To compare the effect of the thickening agents, the amount of aerosol production and splatter vertical spread was quantified. To quantify the aerosols, a calibrated six-channel handheld particle counter was used, which could detect the number of particles per liter in the air for particle sizes ranging from 0.3 to 10 μm by using the laser scattering principle. The device was placed in the test black box at a distance of 10 cm from the scaler tip to test the air inlet of the device in all simulations. The device was operated in the continuous sampling mode. The particle count was exported from the device using a USB cable, and the numerical values (quantification) of the produced aerosols and droplets for each simulation were determined as the maximum particle count recorded during the simulation minus the baseline particle count for particle sizes of 0.5 μm, 1.0 μm, and 2.5 μm for aerosols and 0.5–10.0 μm for droplets [11-13].

To trace and visualize the splatter contamination vertical spread, a washable and water-soluble fluorescent dye (Tifoo Fluorescein Disodium Salt/i.e., Uranine, Marawe GmbH, Regensburg, Germany) was added to all coolant solutions at a concentration of 0.1 g per liter, and the test black box was equipped with ultraviolet LED black light (wavelength: 395–400 nm). All the simulations were performed in a dark closed room. In each simulation, a new black thick-cardboard sheet was used to line the back of the test box to visualize the absorbed florescent coolant and determine the splatter spread by measuring the maximum point reached by the fluorescent splatter in the vertical direction (Fig. 2). The numerical values of the splatter contamination spread were considered as the maximum distance (in centimeters) traveled by the splatter contamination in the vertical direction at the inner backside of the test box. The numerical values for each procedure for all coolant types were tabulated for the statistical analysis.

Fig. 2

The fluorescent splatter is shown on the absorbent cardboard sheet located in the back of the test box

Data were analyzed using descriptive statistics and one-way multivariate analysis of variance (MANOVA) tests. Post hoc Tukey’s test was performed to determine the statistically significant differences among groups.

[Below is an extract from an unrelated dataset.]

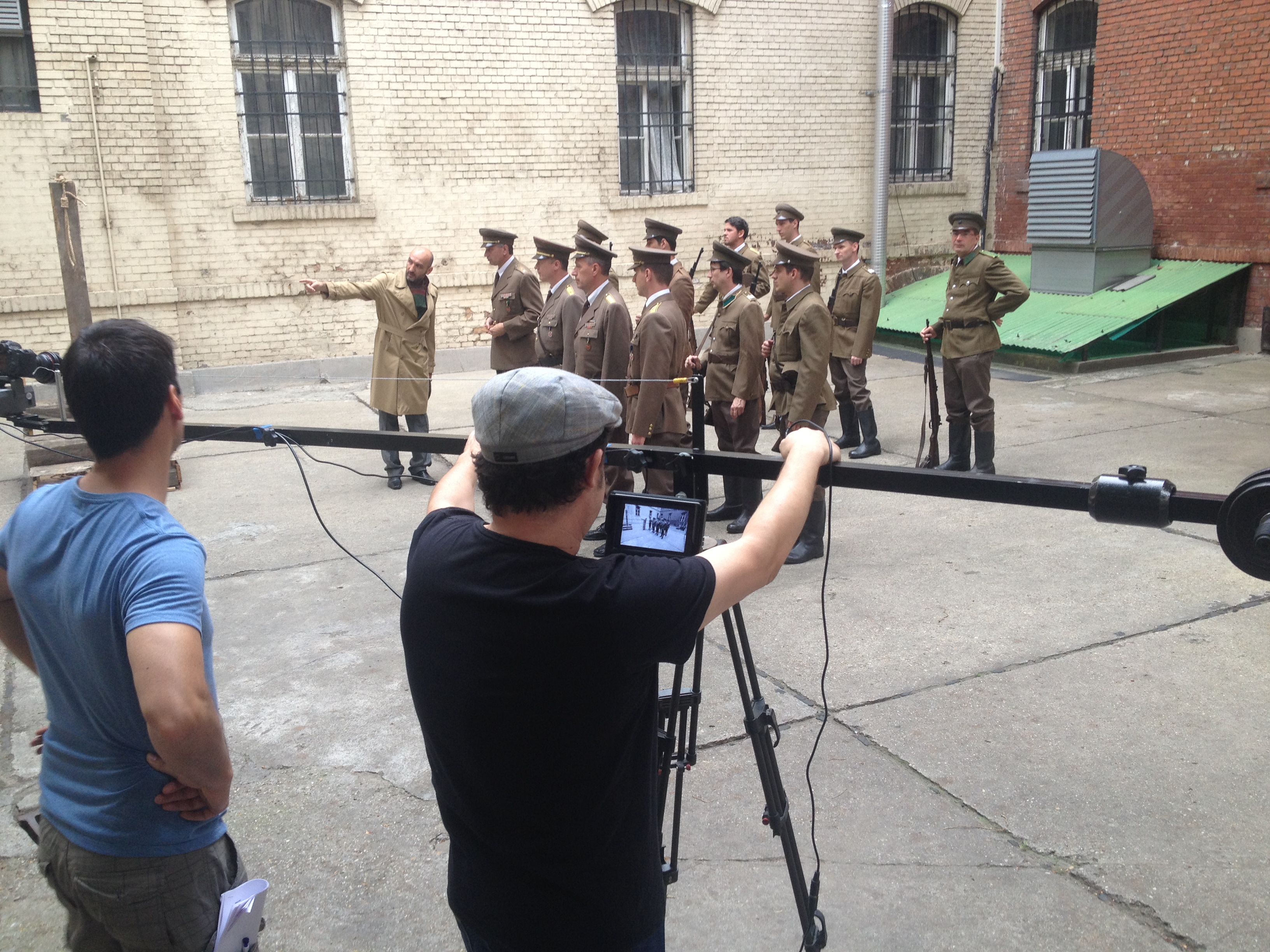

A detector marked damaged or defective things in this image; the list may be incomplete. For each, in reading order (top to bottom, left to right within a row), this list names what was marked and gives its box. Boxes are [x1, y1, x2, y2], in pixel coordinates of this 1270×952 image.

pavement crack [838, 589, 1265, 716]
pavement crack [843, 726, 1209, 949]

Preliminary assumption verification indicated that the data were normally distributed, as assessed using the Shapiro–Wilk test (p > 0.05); no univariate or multivariate outliers existed, as assessed by a box-plot and the Mahalanobis distance (p > 0.001), respectively; linear relationships existed, as assessed by a scatterplot; no multicollinearity (r = 0.888, 0.978, 0.885, p < 0.001) occurred; and the variance–covariance matrices were homogenous, as assessed using Box’s M test (p < 0.001). The statistical analysis was performed using a statistical software program (IBM SPSS Statistics, v20.0; IBM Corp) (a = 0.05).

Results

The MANOVA results indicated a statistically significant difference between the coolant solution groups in terms of the combined dependent variables, F (9, 82.898) = 39.279, p < 0.001; Wilks’ Λ = 0.018; partial η2 = 0.740. All three thickened coolant groups exhibited low aerosol and droplet particle counts (Fig. 3) and splatter contamination vertical distance (Fig. 4).

Fig. 3

Box-plot illustrating the particle counts of aerosols and droplets generated in the four coolant solutions tested in the experiment

Fig. 4

Box-plot depicting the vertical distance between splatter contaminations representing the four coolant solutions tested in the experiment

The follow-up univariate ANOVA tests indicated that the aerosol and droplet particle counts and splatter contamination distance were statistically significantly different among the coolant groups (p < 0.001), according to the tests of between-subjects effects (Table 1).

Table 1

Univariate effects of coolant solution groups on splatter contamination vertical height and aerosol/droplet particle counts

Source	Dependent variable	Type III sum of squares	df	Mean square	F	p-value	Partial eta squared
Corrected model	Splatter spread height (cm)	9715.7†	3	3238.6	283.394	< .001	.959
	Aerosols (0.5 μm, 1.0 μm, 2.5 μm)	18,150,225,726.6‡	3	6,050,075,242.2	87.577	< .001	.879
	Droplets (> 5–10 μm)	26,544,516.6§	3	8,848,172.2	110.043	< .001	.902
Intercept	Splatter spread height (cm)	39,312.9	1	39,312.9	3440.118	< .001	.990
	Aerosols (0.5 μm, 1.0 μm, 2.5 μm)	22,669,215,888.4	1	22,669,215,888.4	328.143	< .001	.901
	Droplets (> 5–10 μm)	21,703,182.4	1	21,703,182.4	269.918	< .001	.882
Coolant solution	Splatter spread height (cm)	9715.7	3	3238.6	283.394	< .001	.959
	Aerosols (0.5 μm, 1.0 μm, 2.5 μm)	18,150,225,726.6	3	6,050,075,242.2	87.577	< .001	.879
	Droplets (> 5–10 μm)	26,544,516.6	3	8,848,172.2	110.043	< .001	.902
Error	Splatter spread height (cm)	411.4	36	11.4
	Aerosols (0.5 μm, 1.0 μm, 2.5 μm)	2,486,999,319.0	36	69,083,314.4
	Droplets (> 5–10 μm)	2,894,639.0	36	80,406.6
Total	Splatter spread height (cm)	49,440.0	40
	Aerosols (0.5 μm, 1.0 μm, 2.5 μm)	43,306,440,934.0	40
	Droplets (> 5–10 μm)	51,142,338.0	40
Corrected total	Splatter spread height (cm)	10,127.1	39
	Aerosols (0.5 μm, 1.0 μm, 2.5 μm)	20,637,225,045.6	39
	Droplets (> 5–10 μm)	29,439,155.600	39

p-value < .05 indicates significant difference

df, degrees of freedom

†R-squared = .959 (adjusted R-squared = .956)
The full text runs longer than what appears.